Task directions -> Any image in the records should be left out; output everything else exactly.

[Information shown Boundary: Start]

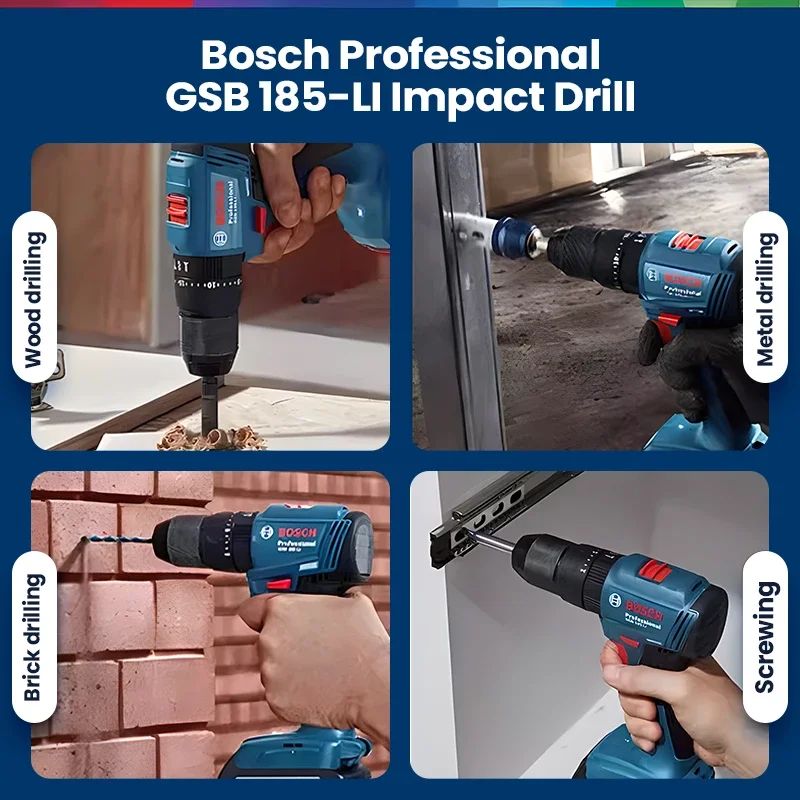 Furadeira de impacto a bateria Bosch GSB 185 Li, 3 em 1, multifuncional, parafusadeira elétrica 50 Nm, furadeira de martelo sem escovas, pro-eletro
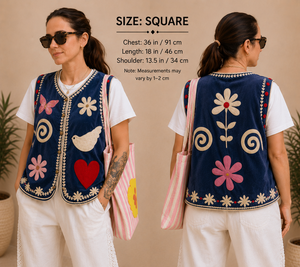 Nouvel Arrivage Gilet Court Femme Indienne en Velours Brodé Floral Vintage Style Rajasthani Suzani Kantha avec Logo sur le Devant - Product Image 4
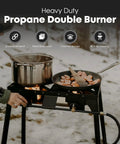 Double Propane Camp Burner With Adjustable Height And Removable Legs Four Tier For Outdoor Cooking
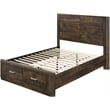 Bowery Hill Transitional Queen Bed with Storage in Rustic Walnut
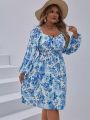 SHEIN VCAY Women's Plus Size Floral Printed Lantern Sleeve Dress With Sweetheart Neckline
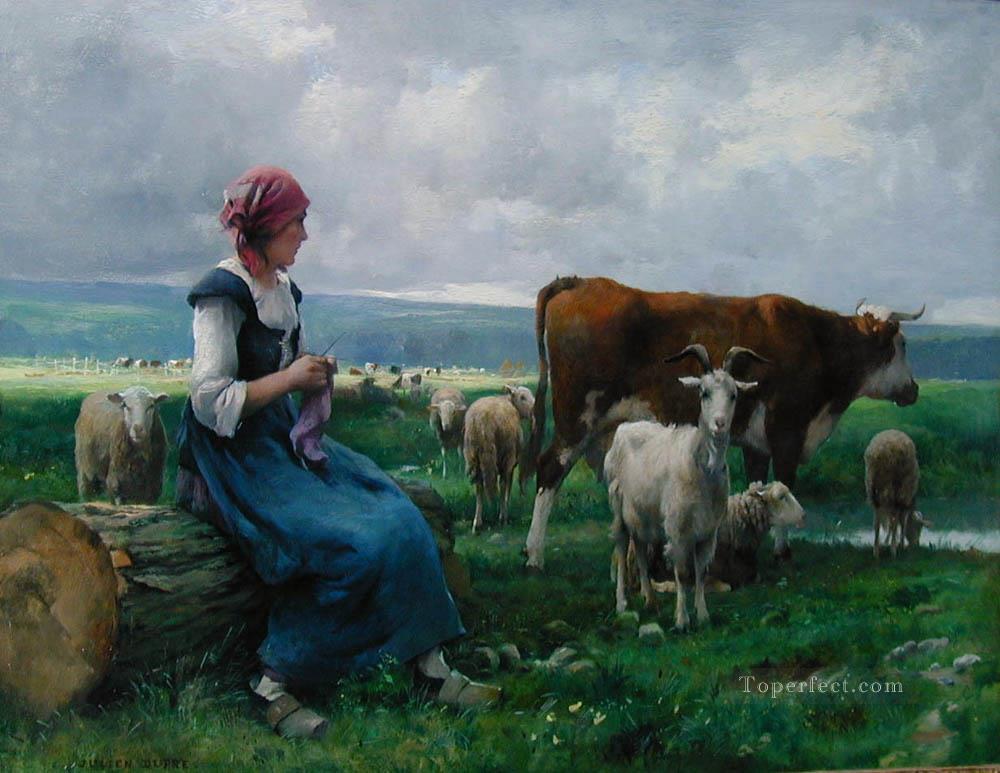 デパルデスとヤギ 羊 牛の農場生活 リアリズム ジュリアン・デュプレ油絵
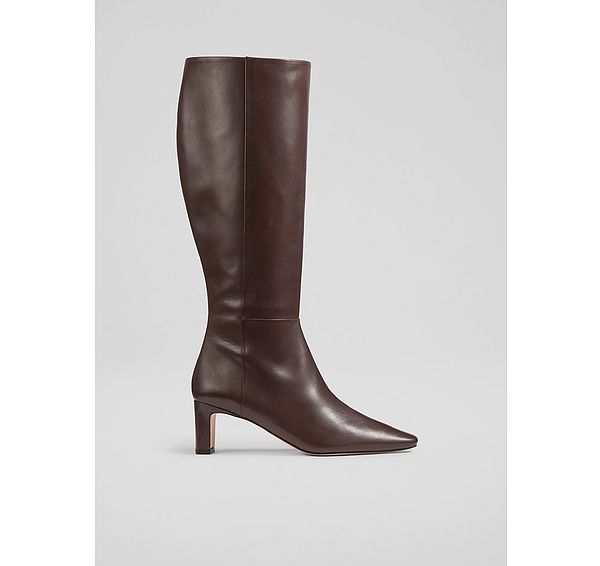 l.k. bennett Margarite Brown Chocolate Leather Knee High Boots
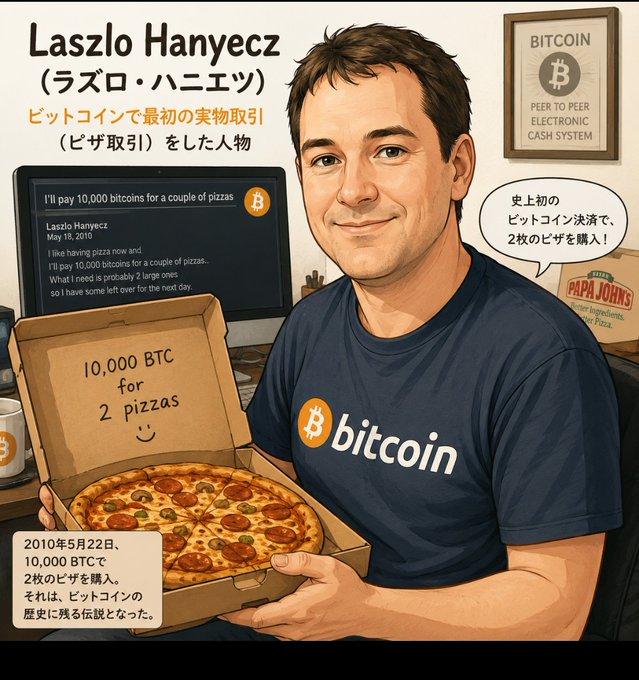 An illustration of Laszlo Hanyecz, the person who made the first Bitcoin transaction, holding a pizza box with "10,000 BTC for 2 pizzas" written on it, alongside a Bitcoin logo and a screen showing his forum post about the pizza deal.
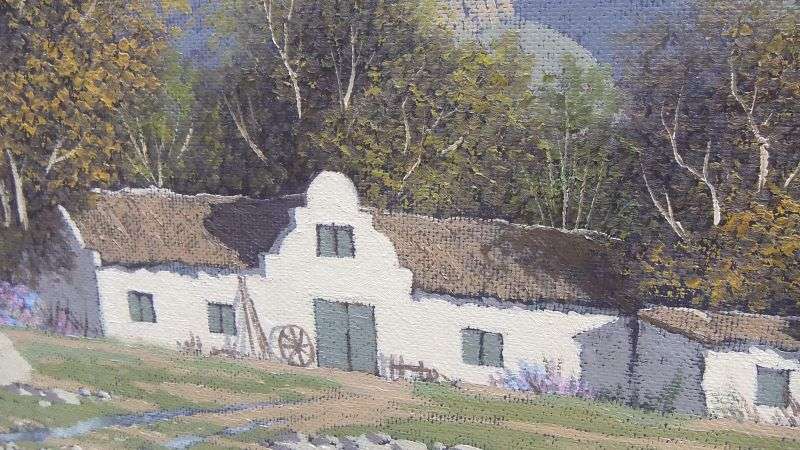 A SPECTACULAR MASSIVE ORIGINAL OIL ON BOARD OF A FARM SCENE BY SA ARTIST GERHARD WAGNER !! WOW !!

[Information shown Boundary: End]

Solution ->
 Furadeira de impacto a bateria Bosch GSB 185 Li, 3 em 1, multifuncional, parafusadeira elétrica 50 Nm, furadeira de martelo sem escovas, pro-eletro
 Nouvel Arrivage Gilet Court Femme Indienne en Velours Brodé Floral Vintage Style Rajasthani Suzani Kantha avec Logo sur le Devant - Product Image 4
 Double Propane Camp Burner With Adjustable Height And Removable Legs Four Tier For Outdoor Cooking
 Bowery Hill Transitional Queen Bed with Storage in Rustic Walnut
 SHEIN VCAY Women's Plus Size Floral Printed Lantern Sleeve Dress With Sweetheart Neckline
 デパルデスとヤギ 羊 牛の農場生活 リアリズム ジュリアン・デュプレ油絵
 l.k. bennett Margarite Brown Chocolate Leather Knee High Boots
 An illustration of Laszlo Hanyecz, the person who made the first Bitcoin transaction, holding a pizza box with "10,000 BTC for 2 pizzas" written on it, alongside a Bitcoin logo and a screen showing his forum post about the pizza deal.
 A SPECTACULAR MASSIVE ORIGINAL OIL ON BOARD OF A FARM SCENE BY SA ARTIST GERHARD WAGNER !! WOW !!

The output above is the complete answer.